### DATA TO USE
* * * * * * *

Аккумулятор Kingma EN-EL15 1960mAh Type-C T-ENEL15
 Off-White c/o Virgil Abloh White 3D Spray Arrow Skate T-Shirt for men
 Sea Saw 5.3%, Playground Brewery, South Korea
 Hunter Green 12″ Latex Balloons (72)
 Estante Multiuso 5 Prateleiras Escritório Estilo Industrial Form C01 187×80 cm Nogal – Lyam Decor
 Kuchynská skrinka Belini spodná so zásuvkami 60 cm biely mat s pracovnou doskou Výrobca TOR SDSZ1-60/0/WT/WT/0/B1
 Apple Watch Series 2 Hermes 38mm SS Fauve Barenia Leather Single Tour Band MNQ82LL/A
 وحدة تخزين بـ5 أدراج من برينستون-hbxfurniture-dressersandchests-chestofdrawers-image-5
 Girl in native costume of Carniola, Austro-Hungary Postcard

* * * * * * *

### REQUIRED ACTION
Copy every line of the material, please, keeping it exactly the same.

### OUTPUT FOR THIS EXERCISE
Аккумулятор Kingma EN-EL15 1960mAh Type-C T-ENEL15
 Off-White c/o Virgil Abloh White 3D Spray Arrow Skate T-Shirt for men
 Sea Saw 5.3%, Playground Brewery, South Korea
 Hunter Green 12″ Latex Balloons (72)
 Estante Multiuso 5 Prateleiras Escritório Estilo Industrial Form C01 187×80 cm Nogal – Lyam Decor
 Kuchynská skrinka Belini spodná so zásuvkami 60 cm biely mat s pracovnou doskou Výrobca TOR SDSZ1-60/0/WT/WT/0/B1
 Apple Watch Series 2 Hermes 38mm SS Fauve Barenia Leather Single Tour Band MNQ82LL/A
 وحدة تخزين بـ5 أدراج من برينستون-hbxfurniture-dressersandchests-chestofdrawers-image-5
 Girl in native costume of Carniola, Austro-Hungary Postcard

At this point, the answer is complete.